3) Each song has its own place to breathe without overcrowding the space of the songs the come both before and after, thus letting the personality of each track shine through. It also seemed to be the first time the Beatles were starting to write songs that didn’t owe a complete debt to American blues and R ‘n B. They were still trying their hand at folk via what Dylan was doing as seen on Rubber Soul but some of Revolver’s songs (i.e., “She Said She Said,” “And Your Bird Can Sing”) were taking more of a modern rock approach with the music not being as “beat” influenced as seen on previous albums.

I’m not one to suggest that this was the high mark of the Beatles career as I think that any part of their catalog has its own charms but, for a band who I consider made pretty pedestrian sounding albums, Revolver is the one record of theirs that I enjoy completely all the way through and is most certainly a desert-island disc for yours-truly. It still remains the one album that, as a whole, helped shaped my listening tastes and what it is that I actually like about pop music.

The Beatles – “She Said She Said” (mp3)

(from the Capitol CD, Revolver, 1990)

Friday, March 13, 2009

A Harpooned Dodger Who Can't, Won't Be Tamed

Not sure if it’s something in the air or what but I’ve been mainly listening to the following albums for the better part of a week now: the Beau Brummels’ Bradley’s Barn, Van Morrison’s Astral Weeks, Bob Dylan’s Blood On The Tracks and Neil Young’s wonderful oddities collection, American Stars ‘N Bars; an album that gets an unwarranted bad rap as far as I’m concerned.

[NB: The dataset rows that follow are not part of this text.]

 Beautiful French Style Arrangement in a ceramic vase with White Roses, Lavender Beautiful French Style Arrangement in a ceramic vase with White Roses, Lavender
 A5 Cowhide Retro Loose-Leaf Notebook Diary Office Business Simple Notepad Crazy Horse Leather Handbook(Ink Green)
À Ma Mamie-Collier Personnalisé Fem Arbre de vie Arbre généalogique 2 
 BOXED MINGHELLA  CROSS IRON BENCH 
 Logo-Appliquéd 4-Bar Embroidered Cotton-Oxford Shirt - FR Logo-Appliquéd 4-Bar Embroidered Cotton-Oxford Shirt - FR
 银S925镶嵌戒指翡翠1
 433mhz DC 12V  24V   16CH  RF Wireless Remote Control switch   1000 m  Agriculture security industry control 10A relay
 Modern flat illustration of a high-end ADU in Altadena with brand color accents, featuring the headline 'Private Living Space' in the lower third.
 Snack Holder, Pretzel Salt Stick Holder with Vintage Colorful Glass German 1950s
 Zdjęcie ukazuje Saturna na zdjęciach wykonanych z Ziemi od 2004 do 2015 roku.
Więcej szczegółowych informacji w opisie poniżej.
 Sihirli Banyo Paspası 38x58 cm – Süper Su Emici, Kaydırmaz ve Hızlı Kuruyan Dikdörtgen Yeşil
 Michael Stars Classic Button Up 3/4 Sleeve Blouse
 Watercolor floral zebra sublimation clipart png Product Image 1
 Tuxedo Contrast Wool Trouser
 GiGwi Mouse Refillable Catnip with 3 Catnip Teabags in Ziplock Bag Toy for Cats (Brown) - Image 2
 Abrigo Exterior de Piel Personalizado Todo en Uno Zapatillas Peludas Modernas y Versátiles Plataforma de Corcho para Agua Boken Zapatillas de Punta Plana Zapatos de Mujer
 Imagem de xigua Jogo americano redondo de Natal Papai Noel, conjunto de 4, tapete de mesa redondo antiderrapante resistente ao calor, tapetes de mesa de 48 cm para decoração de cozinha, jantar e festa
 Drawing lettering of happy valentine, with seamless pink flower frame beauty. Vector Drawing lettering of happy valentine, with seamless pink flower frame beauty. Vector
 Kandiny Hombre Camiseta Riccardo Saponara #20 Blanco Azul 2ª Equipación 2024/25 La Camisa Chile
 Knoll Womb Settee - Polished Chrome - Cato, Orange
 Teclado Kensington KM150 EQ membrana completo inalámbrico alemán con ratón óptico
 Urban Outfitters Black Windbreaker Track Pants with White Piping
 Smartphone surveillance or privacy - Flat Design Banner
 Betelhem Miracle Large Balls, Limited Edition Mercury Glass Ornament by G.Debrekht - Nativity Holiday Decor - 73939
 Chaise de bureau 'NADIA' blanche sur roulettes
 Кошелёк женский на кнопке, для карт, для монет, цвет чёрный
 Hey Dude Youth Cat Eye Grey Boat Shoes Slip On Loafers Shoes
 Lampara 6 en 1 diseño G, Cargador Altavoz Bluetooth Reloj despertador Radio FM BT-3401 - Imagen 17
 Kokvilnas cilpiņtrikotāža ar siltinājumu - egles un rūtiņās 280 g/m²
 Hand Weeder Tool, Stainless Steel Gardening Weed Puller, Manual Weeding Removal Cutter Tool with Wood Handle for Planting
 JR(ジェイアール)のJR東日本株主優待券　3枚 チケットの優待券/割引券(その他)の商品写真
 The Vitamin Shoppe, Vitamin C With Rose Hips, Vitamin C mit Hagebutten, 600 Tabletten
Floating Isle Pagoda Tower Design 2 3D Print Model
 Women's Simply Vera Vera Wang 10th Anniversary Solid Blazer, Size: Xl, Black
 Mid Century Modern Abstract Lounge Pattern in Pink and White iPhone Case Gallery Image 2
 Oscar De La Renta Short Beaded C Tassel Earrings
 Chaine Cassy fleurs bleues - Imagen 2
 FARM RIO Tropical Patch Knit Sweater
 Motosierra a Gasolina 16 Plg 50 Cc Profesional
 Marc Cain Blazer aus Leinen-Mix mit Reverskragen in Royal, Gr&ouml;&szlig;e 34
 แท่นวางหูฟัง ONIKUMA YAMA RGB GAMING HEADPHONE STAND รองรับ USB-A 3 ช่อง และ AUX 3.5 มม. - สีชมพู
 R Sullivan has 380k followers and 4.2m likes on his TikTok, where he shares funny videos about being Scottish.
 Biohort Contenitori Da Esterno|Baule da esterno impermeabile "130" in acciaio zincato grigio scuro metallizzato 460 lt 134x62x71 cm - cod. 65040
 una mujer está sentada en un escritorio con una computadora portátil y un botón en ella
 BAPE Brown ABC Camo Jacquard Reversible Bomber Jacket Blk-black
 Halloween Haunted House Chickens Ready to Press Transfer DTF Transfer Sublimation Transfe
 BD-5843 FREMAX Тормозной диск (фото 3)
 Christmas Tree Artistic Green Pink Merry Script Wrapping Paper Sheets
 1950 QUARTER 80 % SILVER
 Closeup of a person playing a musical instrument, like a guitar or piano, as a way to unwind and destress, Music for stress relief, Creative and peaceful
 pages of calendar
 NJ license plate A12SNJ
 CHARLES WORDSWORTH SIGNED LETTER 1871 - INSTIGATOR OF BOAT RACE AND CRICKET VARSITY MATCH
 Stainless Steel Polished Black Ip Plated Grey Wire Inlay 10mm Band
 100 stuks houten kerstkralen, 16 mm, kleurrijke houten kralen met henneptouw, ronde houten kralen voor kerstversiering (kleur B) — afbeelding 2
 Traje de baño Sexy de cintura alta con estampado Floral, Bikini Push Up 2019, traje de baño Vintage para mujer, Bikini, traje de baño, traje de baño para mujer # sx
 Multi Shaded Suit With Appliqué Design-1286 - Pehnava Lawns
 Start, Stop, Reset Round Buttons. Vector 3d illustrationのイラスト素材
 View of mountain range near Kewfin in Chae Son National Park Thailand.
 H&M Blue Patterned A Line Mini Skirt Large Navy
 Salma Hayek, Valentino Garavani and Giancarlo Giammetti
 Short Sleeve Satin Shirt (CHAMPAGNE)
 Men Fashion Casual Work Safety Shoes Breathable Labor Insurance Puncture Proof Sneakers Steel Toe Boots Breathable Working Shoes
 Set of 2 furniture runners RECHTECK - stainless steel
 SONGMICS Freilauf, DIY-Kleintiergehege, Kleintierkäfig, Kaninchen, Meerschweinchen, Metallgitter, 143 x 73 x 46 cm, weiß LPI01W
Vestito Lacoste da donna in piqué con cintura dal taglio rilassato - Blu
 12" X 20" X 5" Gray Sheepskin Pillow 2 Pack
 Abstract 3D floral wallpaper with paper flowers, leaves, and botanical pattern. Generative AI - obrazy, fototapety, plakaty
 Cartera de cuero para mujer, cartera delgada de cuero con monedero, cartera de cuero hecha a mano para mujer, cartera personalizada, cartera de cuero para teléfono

This might very well be one of my favorite Neil Young song; his otherworldly brilliant ode to a fish in migration searching for love. I think the reason I like this track so much is that it’s really unlike any of his other solo acoustic songs; the vocals are more mumbly than usual, the lyrics are a bit on the bizarre side and the guitar melody is simple yet absolutely gorgeous. It even sounds like its being sung from somewhere deep underwater.